Ancor più interessante è il caso dei cosiddetti foreign fighters, gli immigrati arabi di seconda o terza generazione che rispondono dall'Europa alla convocazione del Califfo Al Baghdadi e ritornano in Medio Oriente per combattere . A loro sono in qualche modo assimilabili gli attentatori che si sono mossi a Parigi e che forse ancora si preparano nelle nostre città. Il caso è interessante perchè le biografie degli attentatori di Parigi o di Jihadi John, ad esempio, non ci restituiscono l'immagine di bigotti musulmani d'Europa tutti casa e moschea, ma ci parlano di alcol, erba e musica rap. Particolari che compongono uno strano intruglio tra occidente ed islam radicale. Lo stesso connubio che si può vedere all'opera nel video di propaganda "No respite", diffuso pochi giorni dopo il 13 novembre: la sua grammatica fondamentalista è usata in una sintassi americaneggiante, il mix tra Chuck Norris e il califfo Al Baghdadi lascia confusi. Ci si potrebbe trovare di fronte ad una tappa dell'assalto all'occidente o forse solo all'intro di una nuova (in verità auspicata) versione di Command and Conquer.
Sembra quindi che abbiamo a che fare con ragazzi che ben si sono conformati alle abitudini occidentali e che di fatti rispondono a richiami in stile occidentale. Non è difficile immaginare che anche a questi ragazzi qualcosa sia andato storto. Il califfato appare allora come la più grande calamita di incazzature al mondo.
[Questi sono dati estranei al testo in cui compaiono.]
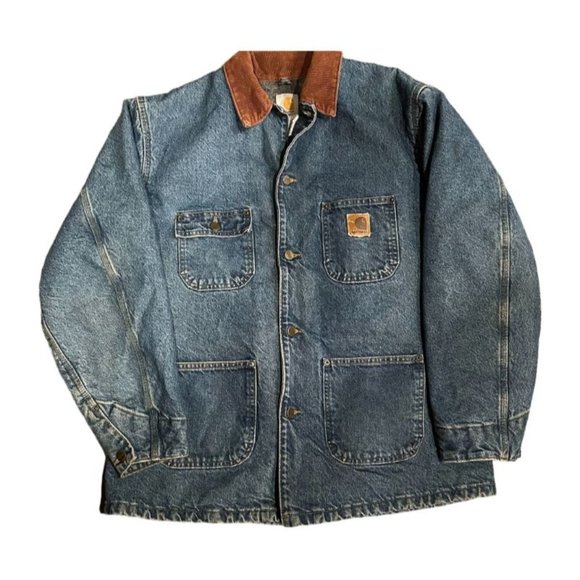 Vintage Carhartt C59 DST Denim Jacket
E come sempre c'è chi l'incazzatura é pronto a sfruttarla, le carogne che fanno della somma delle altrui miserie la propria forza ed il proprio potere. Parliamo del potere di vita o di morte da esercitare sulla popolazione di uno "stato" neppure troppo piccolo; del controllo su migliaia di barili di petrolio che giá oggi raggiungono ogni giorno, per vie traverse, l'Europa; dell'esercizio di influenza politica ed economica in vasti settori non solo del Medio Oriente, ma anche del continente africano.
E magari un giorno non troppo lontano, quando un altro pericolo sará percepito come più grande dell'ISIS, vedremo un califfo accolto a Roma o Parigi con tutti gli onori. É giá successo, per dire, con Gheddafi. Succede oggi con l'osceno accordo sull'immigrazione che la civilissima Europa firma con Erdogan.
E allora domani, tirando le somme di questa storia, concluderemo che i "cattivi" sono Jihadi John, l'Abdeslam Salah di turno o l'invasata di Torre Annunziata con la sua inspiegabile conversione all'Islam. Persone con cui, si badi bene, a nessuno farebbe piacere prendere un caffè. Ma, forse, questo è l'unico aspetto su cui i governi occidentali potrebbero davvero agire in maniera incisiva. Combattere, soprattutto dal punto di vista culturale, l'emarginazione ed il capovolgimento della scala dei valori che si vedono all'opera nelle nostre grandi città dovrebbe essere una priorità, al pari del controllo sulle attvità di alcuni luoghi di culto e di quell'azione internazionale che, sbattuta tra i flutti di troppi interessi contrapposti, non ha mai preso una direzione sicura e comprensibile.